Look past the seeds of Jann’s evolution as a diligent adult, and the ride goes down far smoother. This, despite a slightly disorganized, condensed approach to the passage of time. It’s a likely alternate universe where the Academy still exists into the franchise’s 25th anniversary, and where Jann’s fated 2015 Nürburgring crash occurs only to hobble his confidence. Neither Madekwe nor Harbour is ever swayed by any thematic missteps, Blomkamp still staging his driving sequences with tension aplenty.

That Karate Kid-like trainer/student bond parsing new skills and opening old or regretful wounds is, for lack of better terminology, the raw core boosting GT’s emotional stock. Alongside a charismatic bloom, the duo owns the picture on charm, energy, and presence alone. Harbour is no Pat Morita; he is way more grizzled, crotchety, and delightfully self-deprecating toward his pupils. Never soft shoeing through the facts nor the fears, his process only adds to a fully complex individual working on his second chance. All as Madekwe’s character enjoys his first, keeping well attentive to just how rocky the road shapes out with an ardent, often weary-eyed slyness. Jann serving as his stunt double on set only links the two close together, often sharing the same brain cells.
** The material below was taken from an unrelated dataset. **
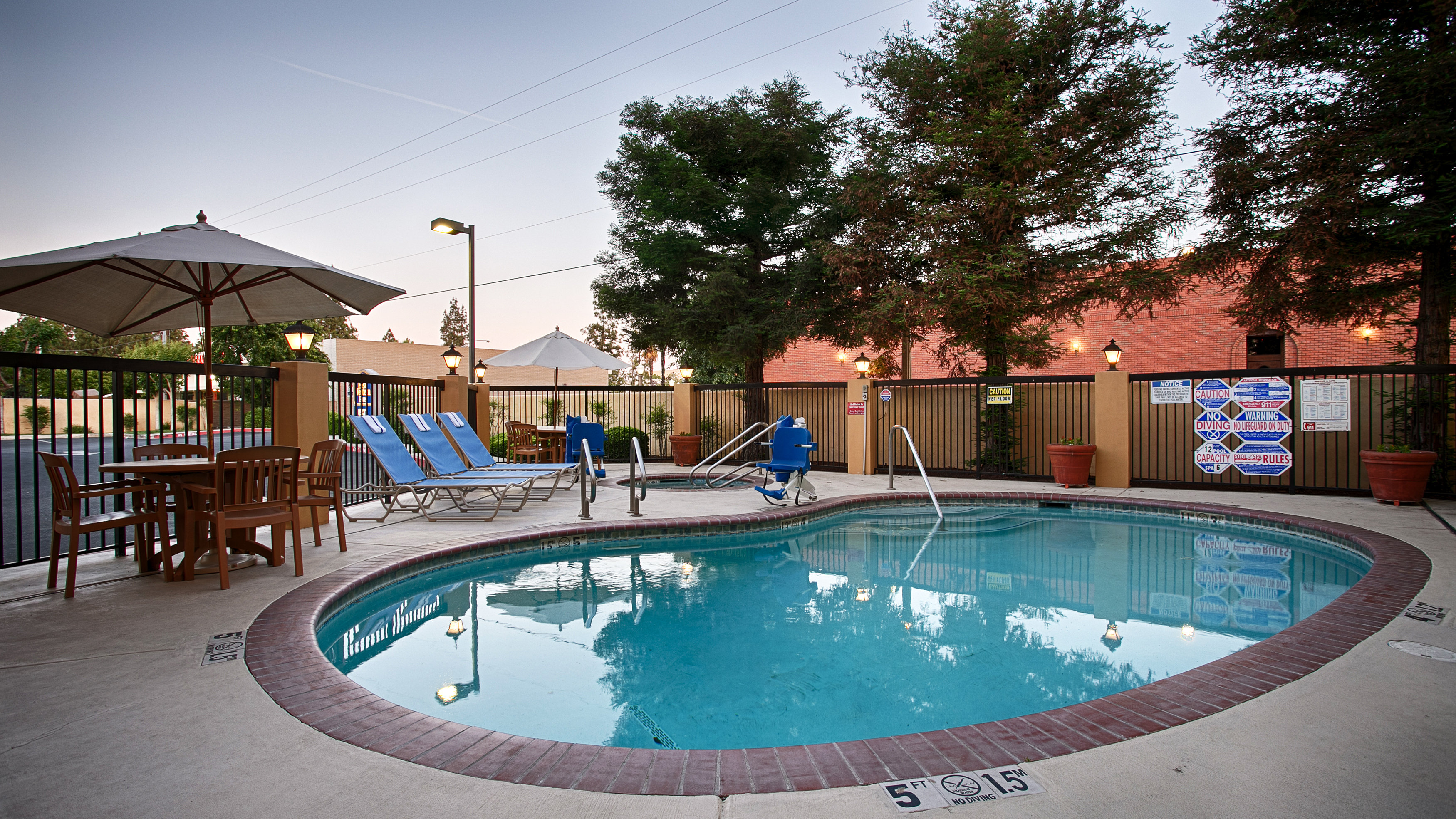 Best Western Plus Fresno Inn 49/50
Mardenborough’s story might have stuck a little more closely to the facts. But I could understand why some liberties were made to improve its on-screen thematics. A clear line is drawn when aspects of the truth change order and skew in an altered direction to benefit one’s script. Blomkamp might not see that line as promptly as the viewer might, likewise for any surprise value in play, which is moderate at best, better than most sports biopics.

What matters primarily in the director’s hands is how best to emulate the high-riding spirit of the source material, embracing the joyful immersion of open-road driving just like one could in their gaming chair. With Gran Turismo, Blomkamp is a way off from his magnum opus. Despite his very slight mistakes, his spin into the familiar, oft-competitive territory of big-screen autos does plenty to nudge him back to solid pole position. With time, he could return to medaling. (B+; 3.5/5)

Gran Turismo, having already screened in a trio of national one-offs, is currently running in previews August 11-13 and 18-20, before its wide bow August 25; rated PG-13 for intense action and some strong language; 135 minutes.